OMAX CORPORATION December 4, 2007

EX-10.10 2 dex1010.htm OPTION AGREEMENT DATED DECEMBER 4, 2007 Option Agreement dated December 4, 2007

Exhibit 10.10

OMAX CORPORATION

December 4, 2007

Mr. Charles M. Brown, President & CEO

Flow International Corporation

23500 – 64th Avenue South

Kent, WA 98032

Dear Charley:

Based upon our discussions to date, we are excited about further exploring with you the prospect of combining OMAX Corporation (“OMAX” or the “Company”) with Flow International Corporation (“Flow”). Subject to the terms hereof, OMAX grants Flow an exclusive option (“Option”) to complete negotiations with OMAX and to agree, under the terms and conditions below and subject to the approval of the shareholders of OMAX, to acquire all of the outstanding capital stock of the Company (the “Transaction”) for cash and stock as discussed more fully below (the “Consideration”).

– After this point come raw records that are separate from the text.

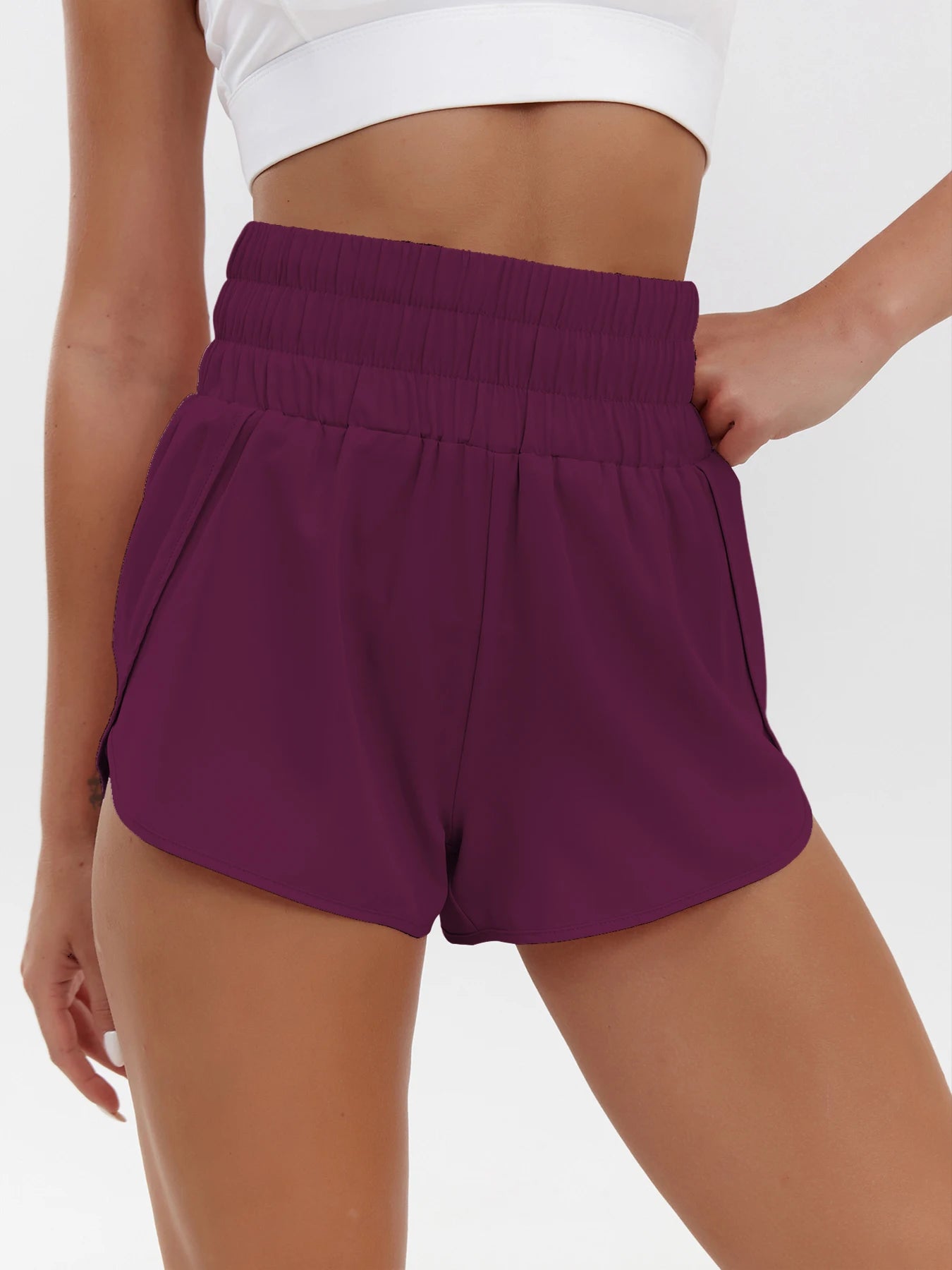 Pantaloncini Sportivi Donna Vita Alta – shopaffari.ves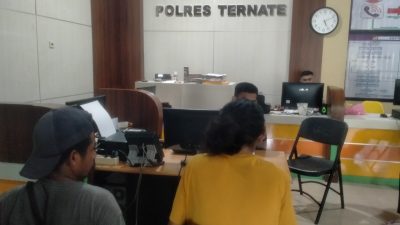 Kordinator SC Malut Diduga Dianiaya Satpol Saat Demo, Masa Aksi Buat Laporan Polisi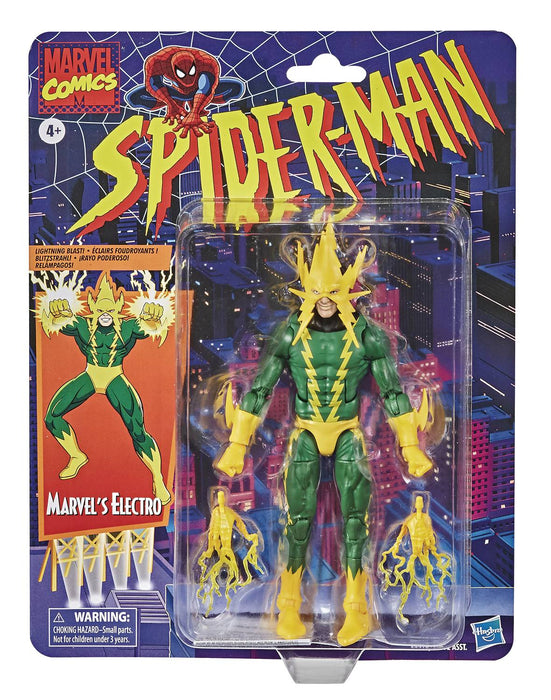 Electro - Spider-Man Retro Marvel Legends Wave 1
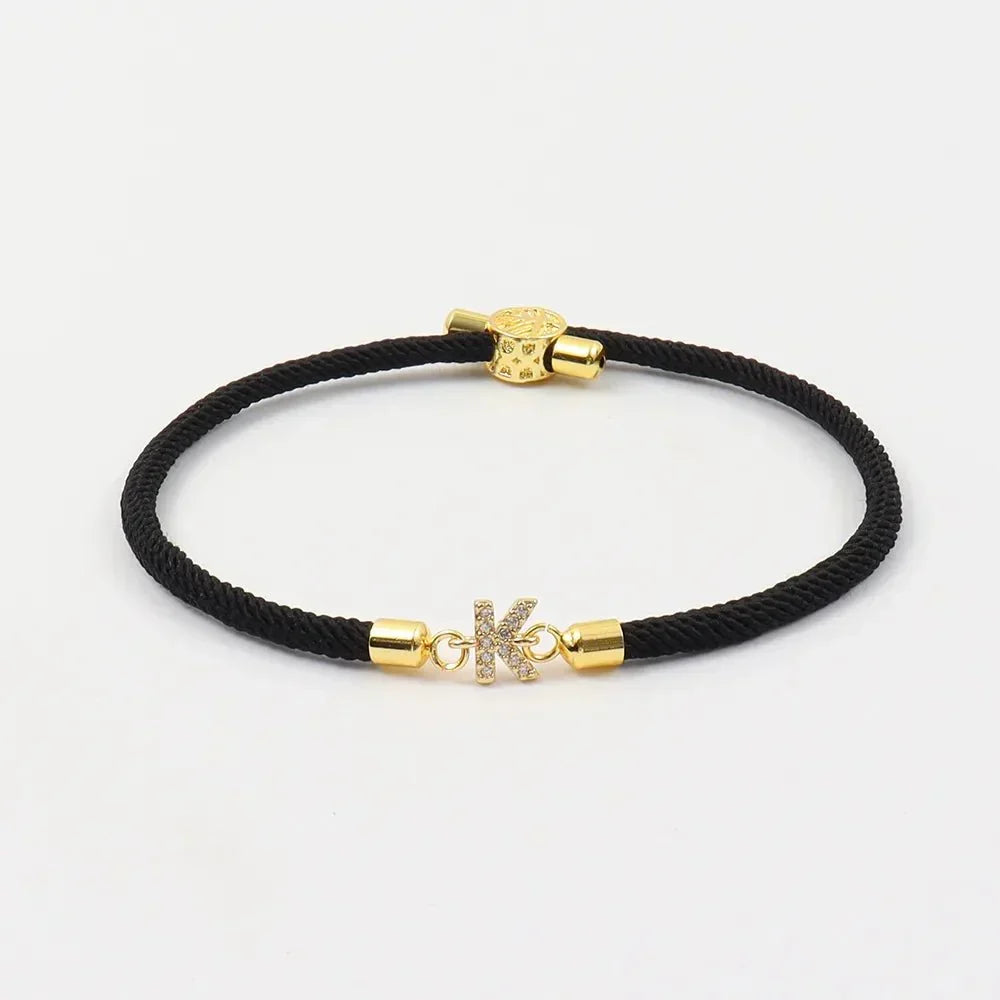 Calla – Bracelet ajustable avec initiale gravée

The Transaction, as outlined below, will be essential to reasonably assure the best opportunities for success of the combined companies, Flow and OMAX together, in an increasingly competitive market. Opportunities in the market have greatly accelerated in recent years, as the benefits of the abrasive-jet machining process have become more widely accepted in an ever-increasing spectrum of client users. This strongly positive change in global market opportunity has also attracted multiple new competitors entering the market, including several more recent competitors who will continue to command, even following the Transaction, more financial, marketing, distribution and manufacturing resources than our combined resources. The Transaction represents our best mutual strategy to meet these evolving competitive challenges.

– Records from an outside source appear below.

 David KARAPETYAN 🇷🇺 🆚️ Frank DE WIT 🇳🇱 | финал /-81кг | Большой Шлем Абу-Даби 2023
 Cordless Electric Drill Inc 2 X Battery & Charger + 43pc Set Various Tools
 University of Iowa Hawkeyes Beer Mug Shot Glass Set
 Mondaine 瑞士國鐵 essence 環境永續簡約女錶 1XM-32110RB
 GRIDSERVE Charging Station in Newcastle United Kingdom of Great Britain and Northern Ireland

A. Due Diligence; Definitive Agreements

Flow and OMAX have entered into a Nondisclosure Agreement dated October 24, 2007 (the “Nondisclosure Agreement”) that included (as Exhibit A thereto) due diligence items which were produced and reviewed (subject to certain agreed protocols) prior to the signing of this Option. The parties agree that additional and supplemental due diligence will occur following the execution of this Option. This Option is conditioned upon the mutual agreement of Flow and OMAX to move forward expeditiously and to supplement and complete all remaining due diligence (except with respect to those items of due diligence as set forth in Exhibit A to this Option Agreement, which the parties agree shall not be provided prior to signing the Definitive Agreements (as defined below), but shall be provided as soon as practicable thereafter) and to negotiate in a commercially reasonable manner and sign mutually acceptable definitive agreements for the Transaction (the “Definitive Agreements”) prior to the expiration of the Exclusivity Period (as defined below). If, as part of its remaining due diligence review or in connection with the preparation of the Definitive Agreements, Flow discovers facts or circumstances which would lead it to alter the terms or structure of the Transaction described herein, Flow shall promptly notify the Company, and the parties may agree to adjust the Consideration accordingly. OMAX understands that the amounts of Consideration set forth below in paragraphs B.3, B.4 and B.5 are predicated on the confirmation following due diligence of certain limited financial information OMAX has shared with Flow.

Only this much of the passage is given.